Her Story
About Margie
I was a theater major in undergraduate and graduate school, and like all aspiring young big bubbly-eyed actresses, I thought that I wanted to participate on stage. As I got into graduate school, I found that my love shifted to costume design, so I spent some time as a costume designer for theater companies and dance companies. I had a family, and the theater schedule was a little overwhelming for me with a young family, a new husband, and later on, 2 kids. I just became interested in what other roles were available in the arts and accidentally applied for a position with the City of Dallas in their Office of Arts and Culture doing community development work. I was very young, and so that meant I had a chance to travel around the city and just support artists in their production and getting funding, primarily. I just became more and more interested and concerned about how artists were able to access public dollars, tax dollars, grants, and found that to be a lane that I wanted to stay in. That was somewhere around 1980, 3 or 4, and I just have proceeded down that pathway all these years. This is the intersection of politics and creativity, and it's my life's work. It is what I choose to do.
Her Interview
Ten minutes with Margie
01What do you attribute your success to?
I think it's stubbornness. I stay in this work because it can change every day or every year - politicians change, sometimes the rules change, and sometimes there are unintentional consequences if you just say, oh, well, I just can't do this anymore. But it's my life's work. It is what I choose to do. So I try to stay focused on what I can accomplish and understand that there are some things that I can't change, but I believe it's stubbornness that I'm just not gonna let the system win. Because we're talking about people, and their aspirations, and their histories. So I just can't give up on that. That's what makes us humane, I guess - our culture and our values.

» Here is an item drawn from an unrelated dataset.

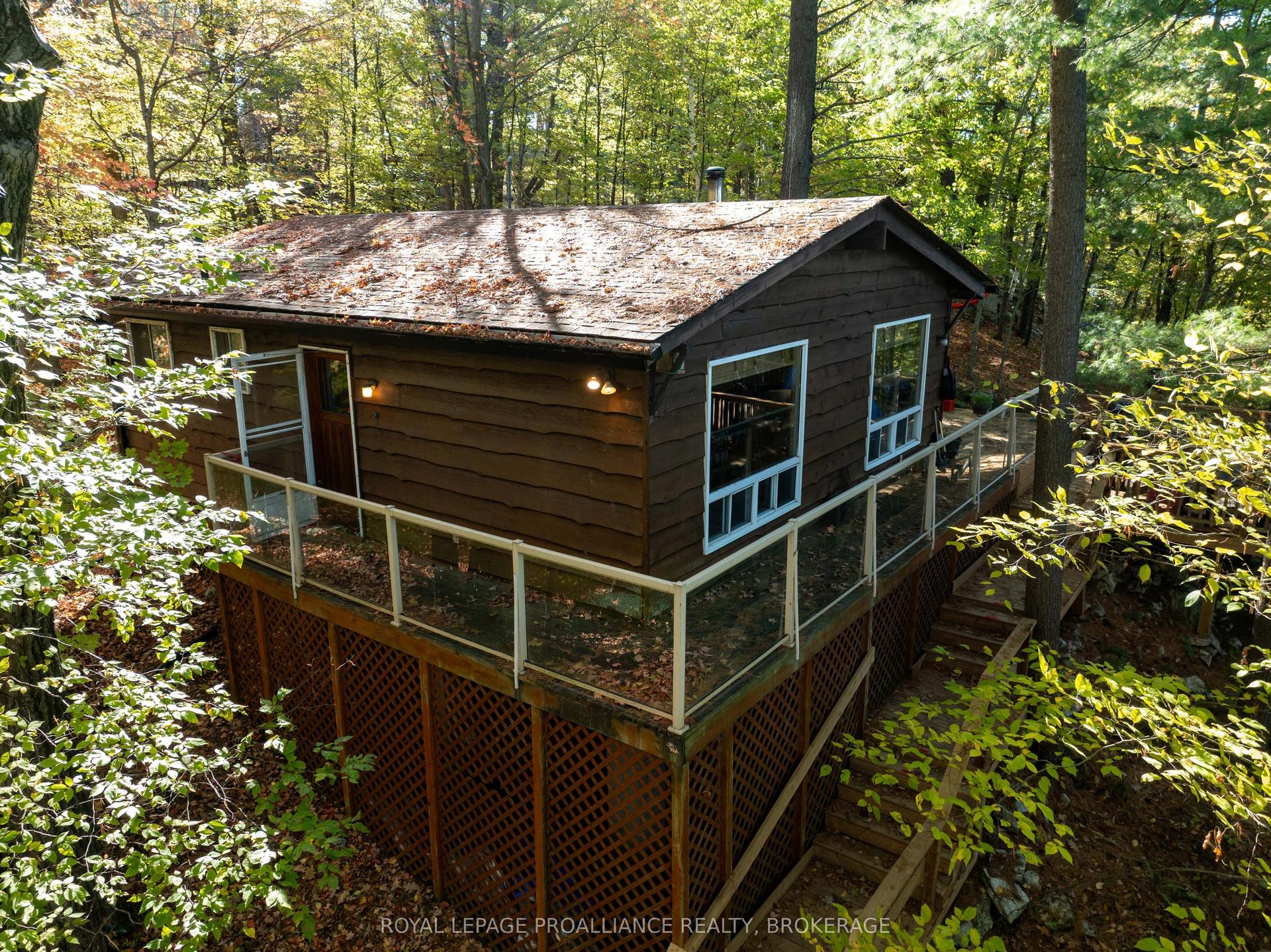 450 Brooks Point Road — photo 1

02What advice would you give to young women entering your industry?
I would say frustration is not an option. There will be lots of challenges because it is potentially a very frustrating process, so just be prepared that there will be a barrier everywhere you turn. But this work is very important to artists, especially female artists, artists in rural communities, small towns, artists where they are seen as adjunct to civic life. They have to be determined, I think, to understand the rules of the game, to understand what the guardrails are, and to be very sincere about understanding process. Understand that a process exists, and that it is affected by men, largely - which is not a negative, it's just a reality. And so they have to keep their emotions under control.